Keyboard shortcuts

Press or to navigate between chapters

Press S or / to search in the book

Press ? to show this help

Press Esc to hide this help

Kernel Interfaces

All kernel communication lives in btrfs-uapi. This page describes the patterns used to wrap the three main kernel interface types: ioctls, sysfs, and tree search.

Binding ioctls

Raw bindgen output is in uapi::raw, generated from uapi/src/raw/btrfs.h and btrfs_tree.h. Ioctl wrappers are declared in uapi/src/raw.rs using nix macros:

#![allow(unused)]
fn main() {
ioctl_write_ptr!(btrfs_ioc_resize, BTRFS_IOCTL_MAGIC, 3, btrfs_ioctl_vol_args);
ioctl_read!(btrfs_ioc_fs_info, BTRFS_IOCTL_MAGIC, 31, btrfs_ioctl_fs_info_args);
ioctl_readwrite!(btrfs_ioc_balance_v2, BTRFS_IOCTL_MAGIC, 32, btrfs_ioctl_balance_args);
ioctl_none!(btrfs_ioc_scrub_cancel, BTRFS_IOCTL_MAGIC, 28);
ioctl_write_int!(btrfs_ioc_balance_ctl, BTRFS_IOCTL_MAGIC, 33);
}

The macro to use is determined by the ioctl direction in the C header:

C macronix macroDirection
_IOWioctl_write_ptr!userspace → kernel (pointer to struct)
_IORioctl_read!kernel → userspace
_IOWRioctl_readwrite!both directions
_IOioctl_none!no data
_IOW (integer)ioctl_write_int!value passed directly in arg slot

Flexible array member ioctls

Some ioctls return variable-length arrays (e.g. btrfs_ioctl_space_args with a trailing spaces[] field). The pattern is a two-phase call:

  1. Call with zero slots to get the count from the kernel.
  2. Allocate a Vec<u64> (for 8-byte alignment) sized to base_size + count * item_size.
  3. Cast the vec’s pointer to the struct type, set the slot count, call again.
  4. Read results via __IncompleteArrayField::as_slice(count).

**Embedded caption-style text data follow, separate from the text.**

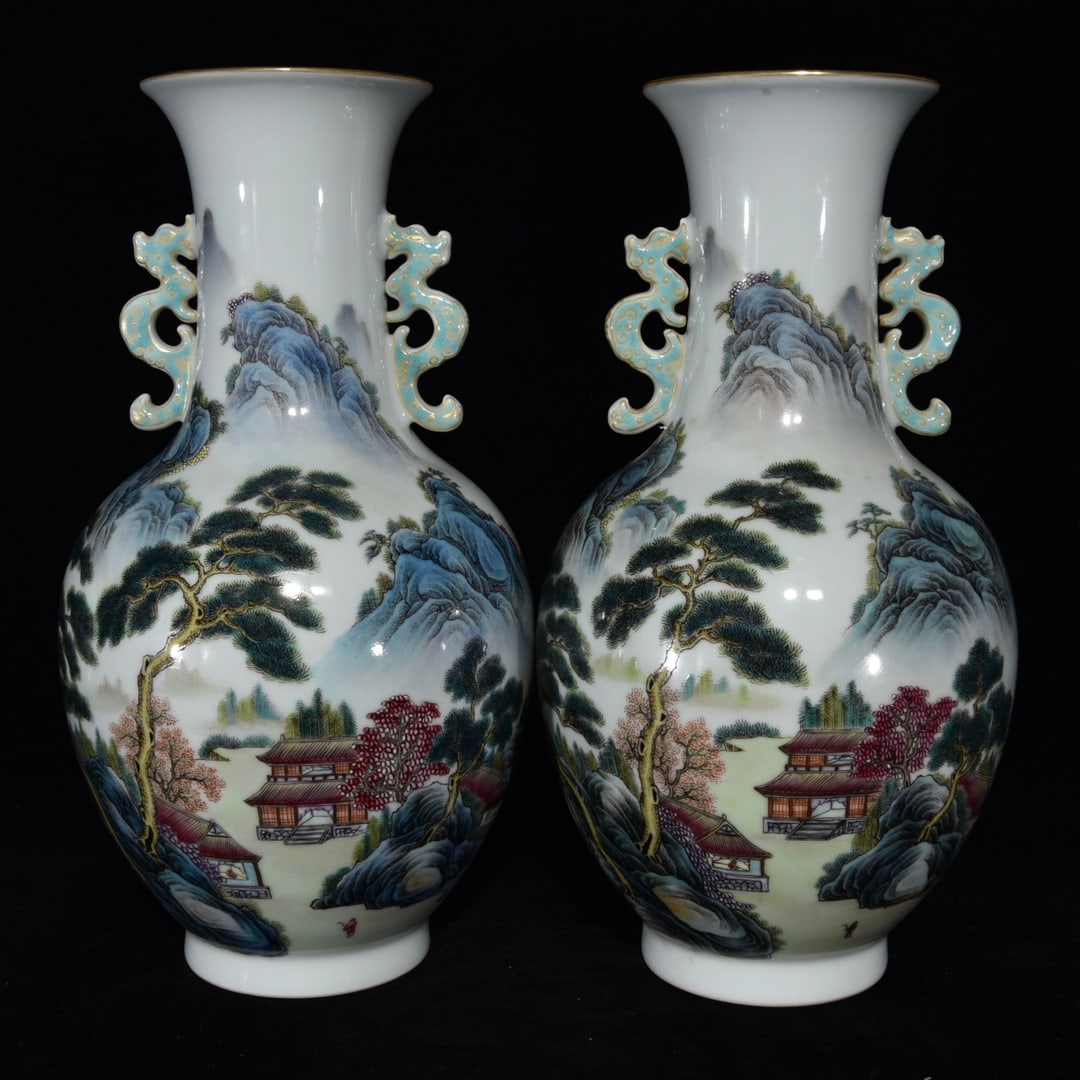 A Qianlong period famille rose vase with landscape design and two handles. (1 of 9)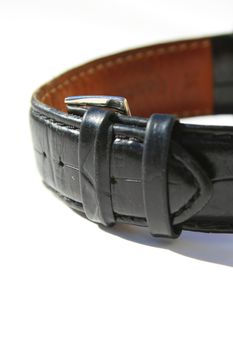 Close up of a leather watch band on a white background.
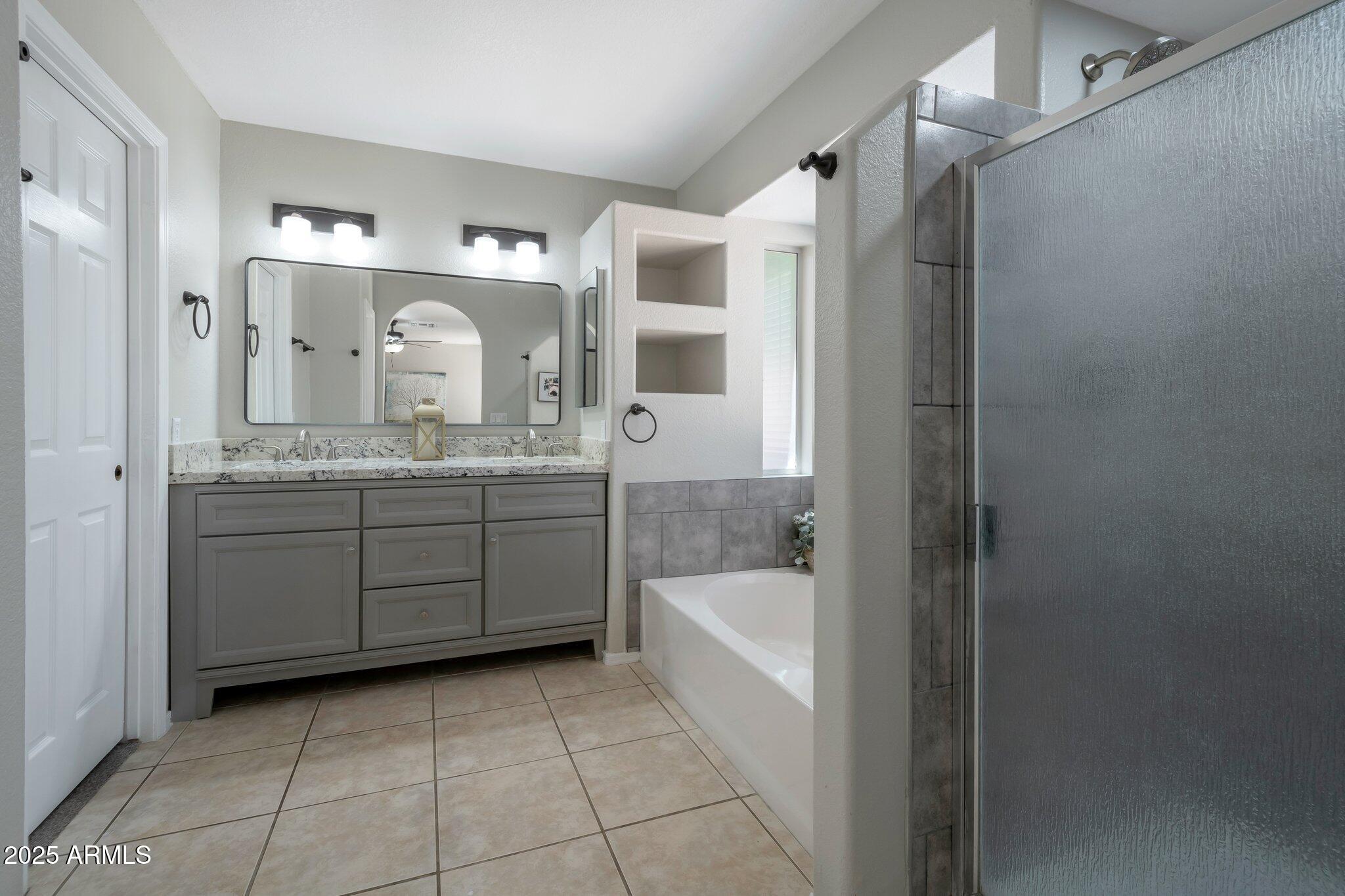 839 West Silver Creek Road Gilbert, AZ 85233 - Photo 8 of 15 a spacious bathroom with a granite countertop sink a mirror and shower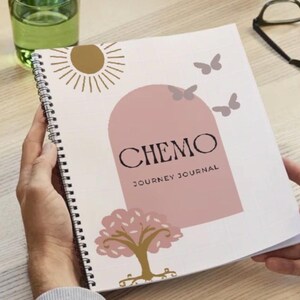 May include: A spiral-bound journal with a cover featuring the text "CHEMO JOURNEY JOURNAL" in black. The design includes a pink arch, butterflies, a sun, and a tree. The journal is held open by hands.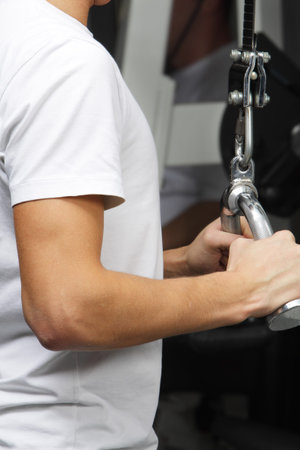 Closeup foto of exercising on training simulator in fitness club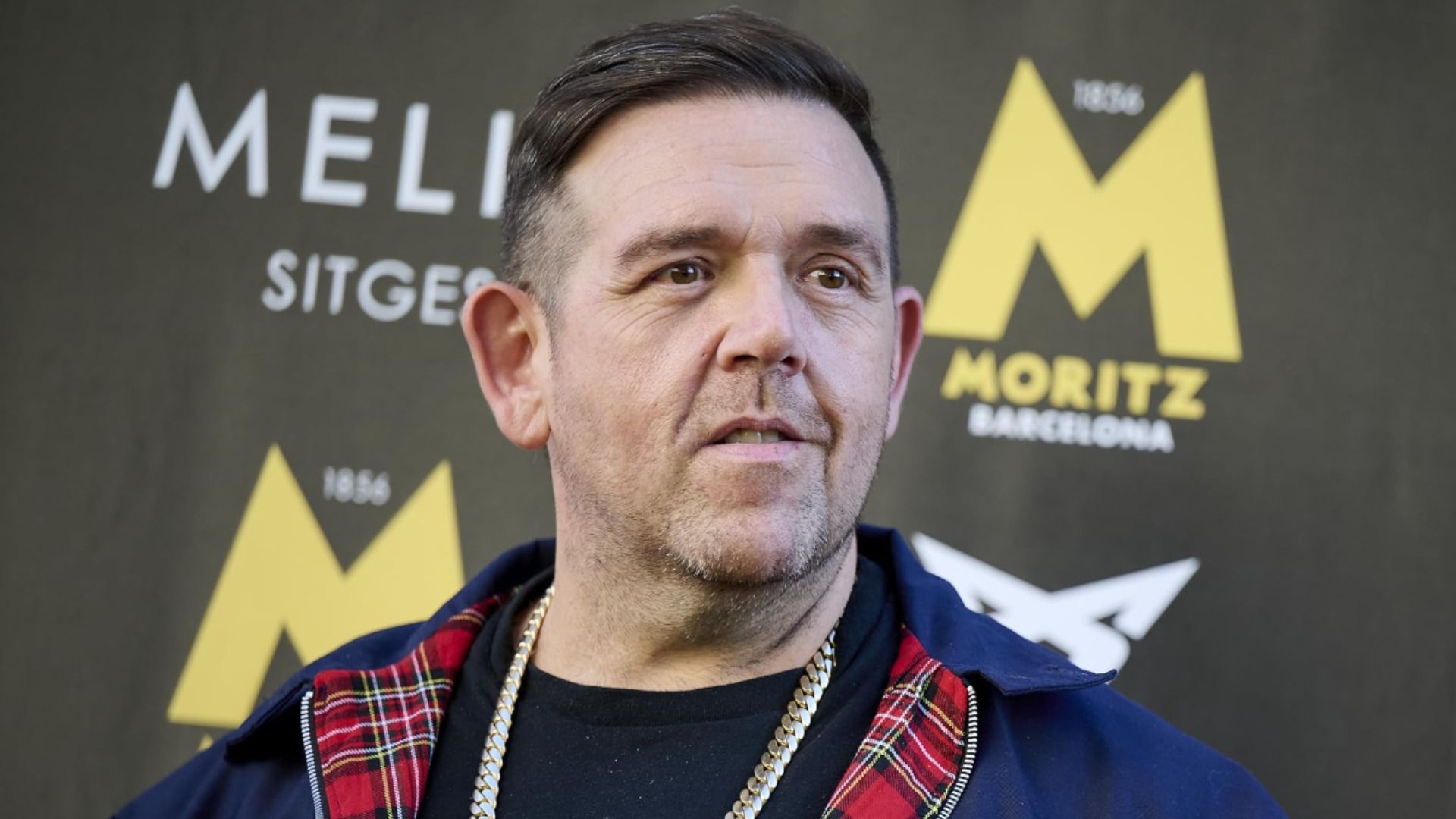Actor Nick Frost in a blue jacket with a gold chain around his neck smiles against a backdrop display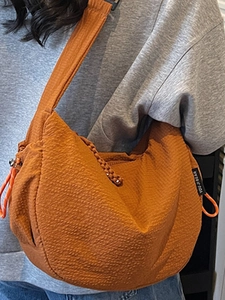 Borsa a tracolla a mezzaluna stile giapponese color caramello con superficie testurizzata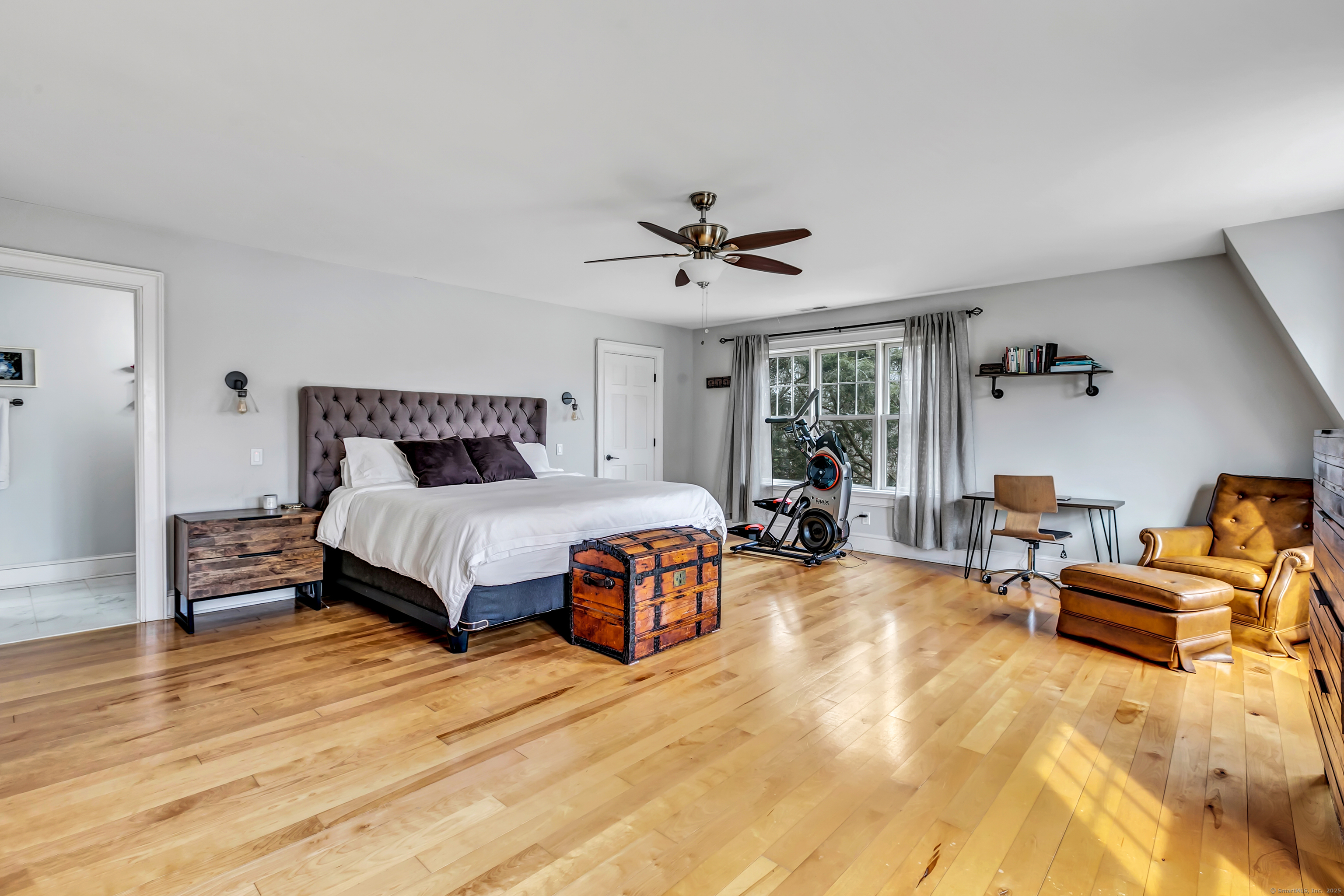 41 Mohawk Drive Norwalk, CT 06851 - Photo 20 of 31 a bedroom with a bed and ceiling fan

See uapi/src/space.rs for a worked example.

The btrfs_ioctl_vol_args_v2 union

Several subvolume and device ioctls share btrfs_ioctl_vol_args_v2. Bindgen generates two anonymous union fields:

  • __bindgen_anon_1 — the {size, qgroup_inherit} / unused[4] union
  • __bindgen_anon_2 — the name[4040] / devid / subvolid union
#![allow(unused)]
fn main() {
// Set a name:
let name_buf: &mut [c_char] = unsafe { &mut args.__bindgen_anon_2.name };

// Set devid (no unsafe needed for plain integer writes):
args.flags = BTRFS_DEVICE_SPEC_BY_ID as u64;
args.__bindgen_anon_2.devid = devid;
}

The tree search ioctl is the primary way to read data from btrfs B-trees from userspace. It is wrapped in uapi/src/tree_search.rs as a callback-based cursor:

#![allow(unused)]
fn main() {
tree_search(fd, SearchFilter::for_type(tree_id, item_type), |hdr, data| {
    // hdr: SearchHeader — objectid, offset, item_type, len (host byte order)
    // data: &[u8] — raw on-disk item payload (little-endian)
    Ok(())
})?;
}

Common SearchFilter constructors:

#![allow(unused)]
fn main() {
// All items of a specific type across all objectids:
SearchFilter::for_type(raw::BTRFS_CHUNK_TREE_OBJECTID as u64,
                       raw::BTRFS_CHUNK_ITEM_KEY as u32)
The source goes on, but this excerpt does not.